TRY IT – Would you please transcribe the records below exactly, leaving out the pictures?

RECORDS –
--------------------------------

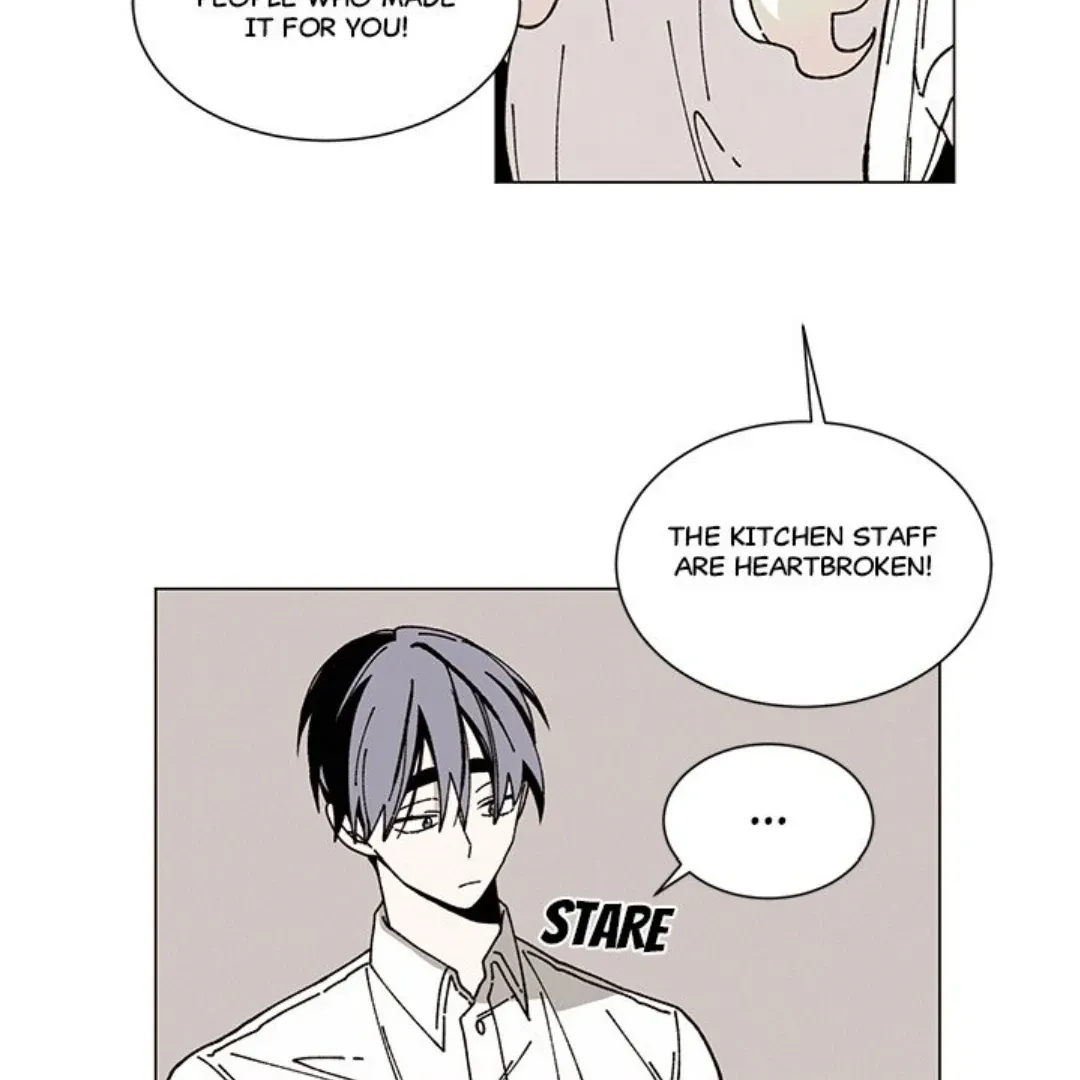 Read Merry! Memory chapter 25 image 18 on Lezhin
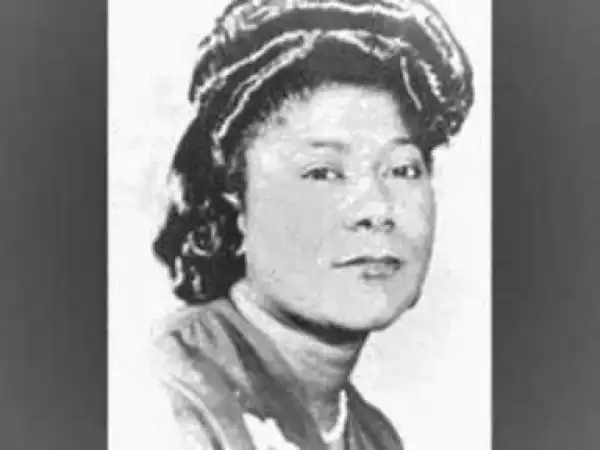 Mahalia Jackson - What A Friend We Have In Jesus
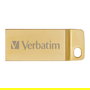 Verbatim Metal Executive 64GB USB 3.2 Gen 1 Unidad Flash Oro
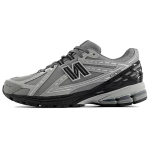 New Balance 1906R Castlerock Black Rain Cloud Meeste Tennised Hall M1906RLG 36 gray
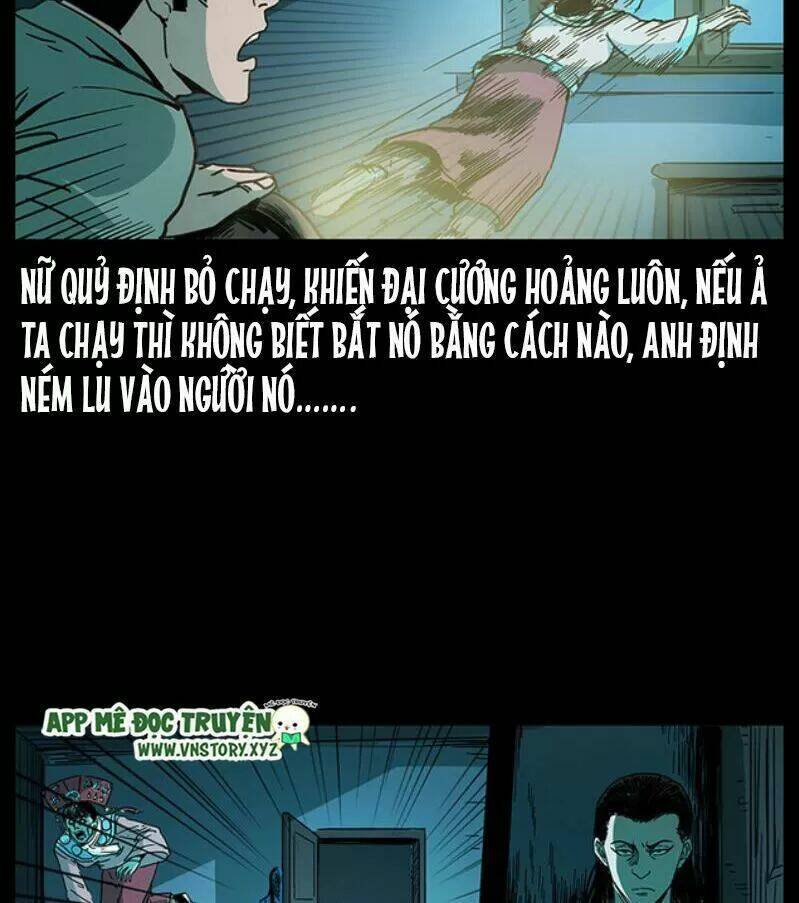 U Minh Ngụy tượng - Chapter 262 - Page 58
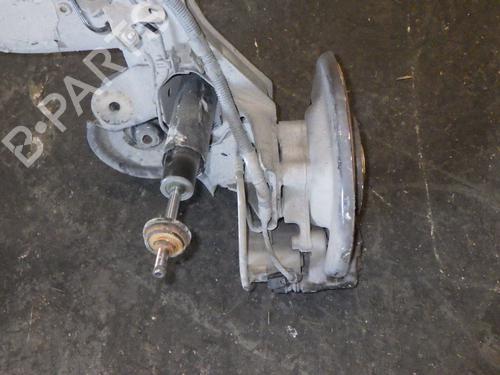 Rear axle CITROËN C4 Grand Picasso II (DA_, DE_) 1.6 BlueHDi 120 | BP31280456M2 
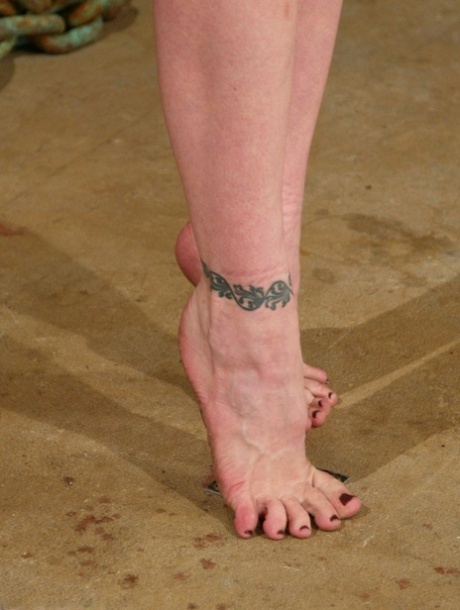 bdsm feet perfect gallery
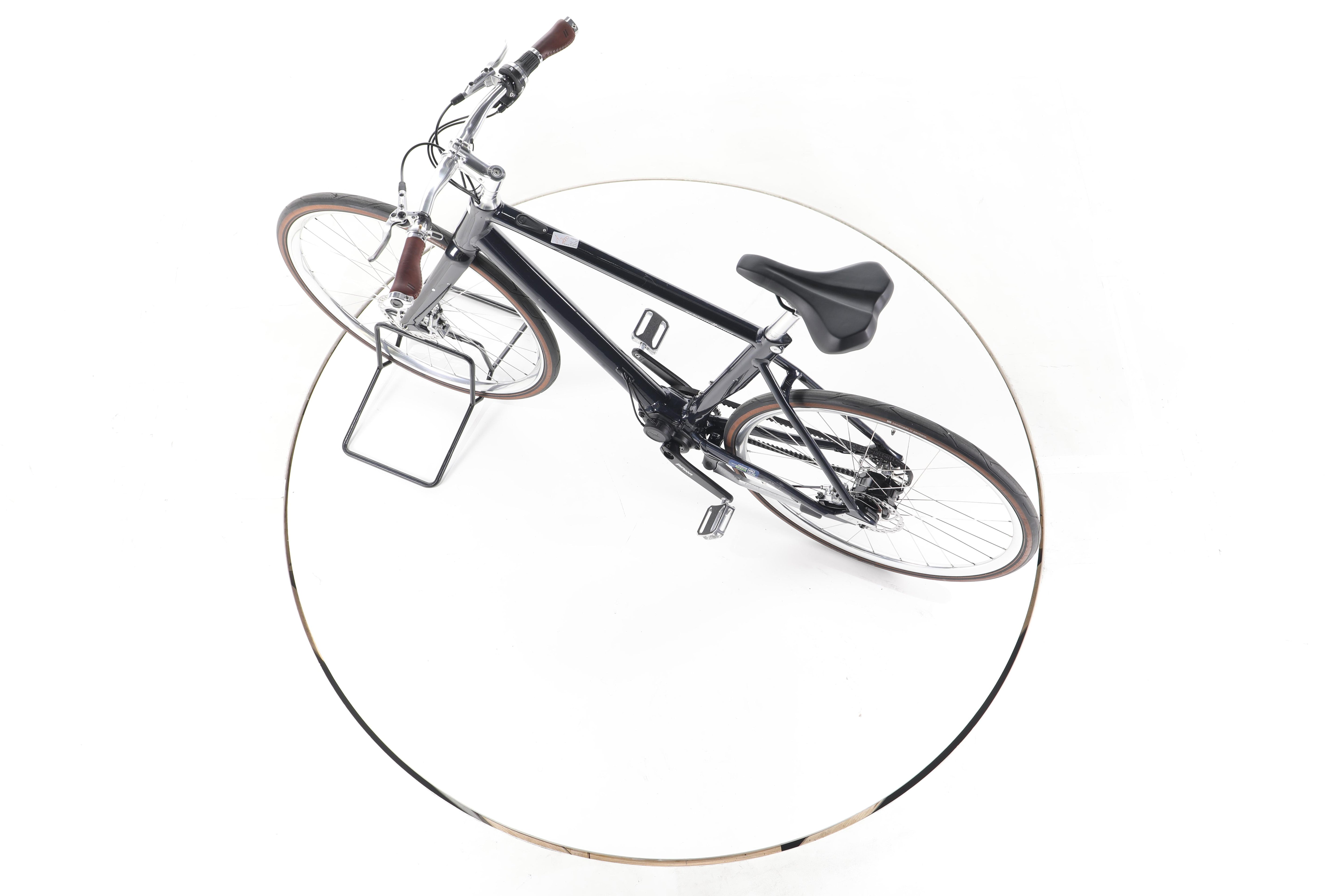 Schindelhauer Bikes Arthur City E-Bike 2024 - Image 20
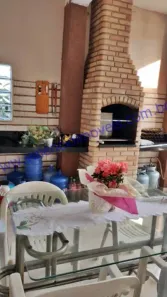Casa com 3 Quartos à venda, 140m² no Jardim Europa I, Santa Bárbara D'Oeste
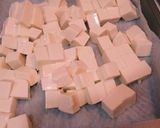 麻婆豆腐作り方1写真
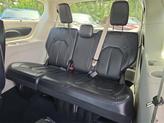 Thumbnail of 2022 Ceramic Gray Clearcoat Chrysler Pacifica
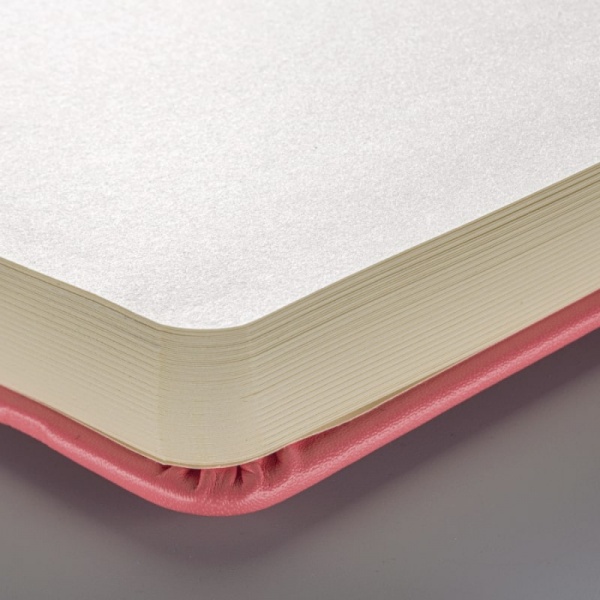 Блокнот для графики Rosa Talent Coral 12x12 см 9314314M 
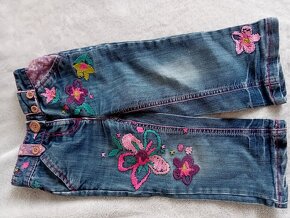 Souprava bunda a rifle Next pro parádnici - 3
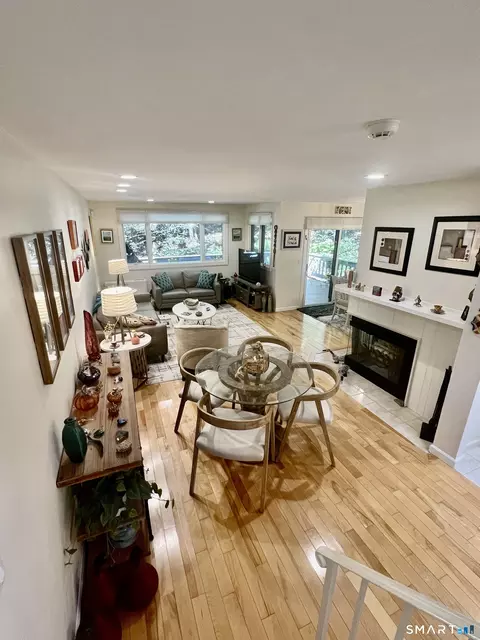 Dining - 427 Trailsend Dr, Torrington, CT 06790 photo 2 of 3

--------------------------------

SOLVED EXERCISE –
 Read Merry! Memory chapter 25 image 18 on Lezhin
 Mahalia Jackson - What A Friend We Have In Jesus
 Verbatim Metal Executive 64GB USB 3.2 Gen 1 Unidad Flash Oro
 New Balance 1906R Castlerock Black Rain Cloud Meeste Tennised Hall M1906RLG 36 gray
 U Minh Ngụy tượng - Chapter 262 - Page 58
 Rear axle CITROËN C4 Grand Picasso II (DA_, DE_) 1.6 BlueHDi 120 | BP31280456M2 
 bdsm feet perfect gallery
 Schindelhauer Bikes Arthur City E-Bike 2024 - Image 20
Casa com 3 Quartos à venda, 140m² no Jardim Europa I, Santa Bárbara D'Oeste
 麻婆豆腐作り方1写真
 Thumbnail of 2022 Ceramic Gray Clearcoat Chrysler Pacifica
 Блокнот для графики Rosa Talent Coral 12x12 см 9314314M 
 Souprava bunda a rifle Next pro parádnici - 3
 Dining - 427 Trailsend Dr, Torrington, CT 06790 photo 2 of 3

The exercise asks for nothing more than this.